A: Blood pressure. B: Incidence of ruptured and unruptured aneurysms. C: Rupture rate. D. Survival curve. Survival curves were constructed after excluding those mice that did not have aneurysms so that the curves mimic clinical settings.

As shown in Figure 2A, systemic hypertension was successfully induced in the mice receiving the DOCA-salt treatment. The hydralazine at 50 mg/kg/day that was started 6 days after aneurysm induction effectively normalized blood pressure. The lower dose of hydralazine (25 mg/kg/day) partially normalized blood pressure. Normalization of blood pressure by hydralazine did not significantly affect the formation of aneurysms, as demonstrated by no difference in the total incidence of aneurysms (i.e., the incidence of both ruptured and unruptured aneurysms) between two groups (75 vs. 60%, P = 0.46) (Figure 2B). However, normalization of blood pressure by hydralazine (50 mg/kg/day) significantly reduced the incidence of ruptured aneurysms and the rupture rate (incidence of ruptured aneurysms: 56 vs. 13%, P < 0.05; rupture rate: 75 vs. 22%, P < 0.05) (Figures 2B and 2C). There was a trend for partial normalization of blood pressure by the lower dose of hydralazine (25 mg/kg/day) to reduce the rupture rate (incidence of ruptured aneurysms: 56 vs. 30 %, P = 0.25; rupture rate: 75 vs. 38 %, P = 0.17). Taken together, there was a dose dependent effect of the blood pressure reduction on the development of aneurysmal rupture. For the purpose of exploratory analysis, a symptom-free curve (Kaplan-Meier analysis curve) was plotted after excluding mice that did not have aneurysms (Figure 2D). A log-rank test revealed a significant reduction of aneurysmal rupture with the normalization of blood pressure by hydralazine (P < 0.05).

As a next step to further confirm the critical role of hypertension in the development of aneurysmal rupture, we tested whether a reduction of blood pressure by the discontinuation of DOCA-salt treatment reduces aneurysmal rupture. For the discontinuation of DOCA-salt treatment, we removed the DOCA pellet and switched the drinking water with water without salt at 6 days after aneurysm induction (Figure 3A). The control group received the standard DOCA-salt treatment throughout the experimental period.

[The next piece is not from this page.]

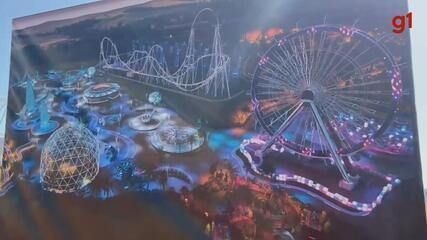 Cacau Show finaliza montanha-russa no Cacau Park em Itu, considerada a maior da América Latina. Reprodução: Globo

A: Blood pressure. B: Incidence of ruptured and unruptured aneurysms. C: Rupture rate. D. Survival curve.

As shown in Figure 3A, in the mice whose DOCA-salt treatment was discontinued 6 days after aneurysm induction, there was a gradual reduction of blood pressure. However, the discontinuation of DOCA-salt treatment did not completely normalize the blood pressure over the course of 2 weeks, possibility reflecting the residual effects of the DOCA-pellet or salt treatment. There was no difference in the total incidence of aneurysms (72 vs. 58%, P = 0.38) (Figure 3B). The discontinuation of the DOCA-salt treatment significantly reduced the incidence of ruptured aneurysms (P < 0.05) (Figure 3B). However, there was only a trend for the discontinuation of the DOCA-salt treatment to reduce the rupture rate (P = 0.07) (Figure 3C), probably reflecting the failure of normalization of blood pressure in this group. The improvement of survival by the discontinuation of the DOCA-salt treatment was not statistically significant (Figure 3D).

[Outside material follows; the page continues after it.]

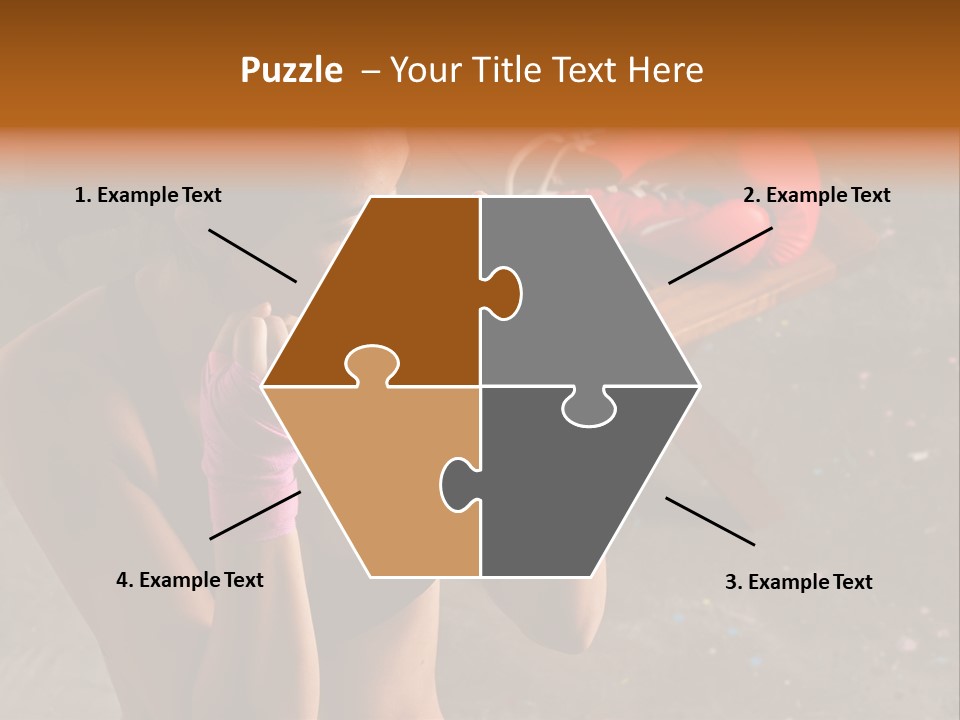 A Woman With Boxing Gloves And Gloves On PowerPoint Template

Local renin-angiotensin II system was up-regulated in aneurysmal walls

Since systemic hypertension can affect the local-renin angiotensin system in the vascular wall,¹⁹ we examined the expression of angiotensin II and angiotensin type 1 receptor (AT₁ receptor) in the normal cerebral artery and intracranial aneurysms in mice. Three representative samples were used. While there was weak expression of angiotensin II and AT₁ receptor in the normal cerebral artery, both angiotensin II and AT₁ receptor were abundant in the mouse model of intracranial aneurysm (Figure 4).

Expression of angiotensin II and angiotensin II type 1 receptor.

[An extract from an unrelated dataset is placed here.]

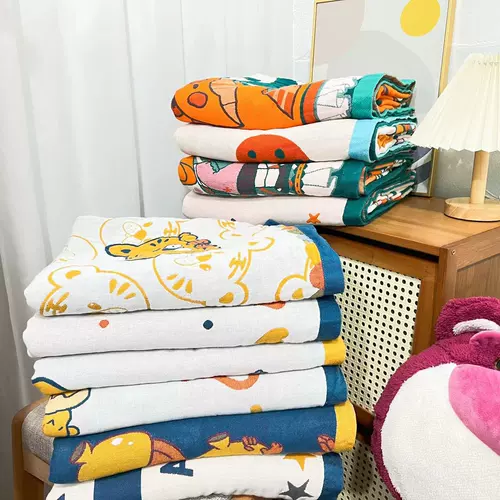 Детское дышащее летнее хлопковое марлевое одеяло, банное полотенце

Roles of the local renin-angiotensin system in the development of aneurysmal rupture

To test roles of local renin-angiotensin system in the formation of aneurysms, we utilized captopril (angiotensin converting enzyme inhibitor) and losartan (AT₁ antagonist) in mice with DOCA-salt hypertension. We took advantage of the ability of these agents to block the local renin-angiotensin system without affecting systemic hypertension induced by DOCA-salt hypertension.^{15, 19} These agents were previously used to assess the roles of the activation of the local renin-angiotensin system in the vasculature in animals that were rendered hypertensive by the DOCA-salt treatment.^{15, 19} The captopril and losartan doses were chosen based on the previous studies.^{15, 19, 21–23}

The treatment with captopril (6mg/kg/day in PBS, AK Scientific) or vehicle through an implanted osmotic pump was started 6 days after aneurysm induction and continued for two weeks (Figure 5A). As expected, captopril did not affect the systemic hypertension induced by DOCA-salt treatment. While the captopril treatment started 6 days after aneurysm induction did not affect the overall incidence of aneurysms, it significantly reduced the incidence of ruptured aneurysms and the rupture rate (incidence of ruptured aneurysms: 63 vs. 24%, P < 0.05; rupture rate: 91 vs. 36%, P < 0.05) (Figure 5B and Figure 5C). The survival analysis using those mice that had aneurysms revealed a significant improvement of the survival by captopril treatment (P < 0.05) (Figure 5D).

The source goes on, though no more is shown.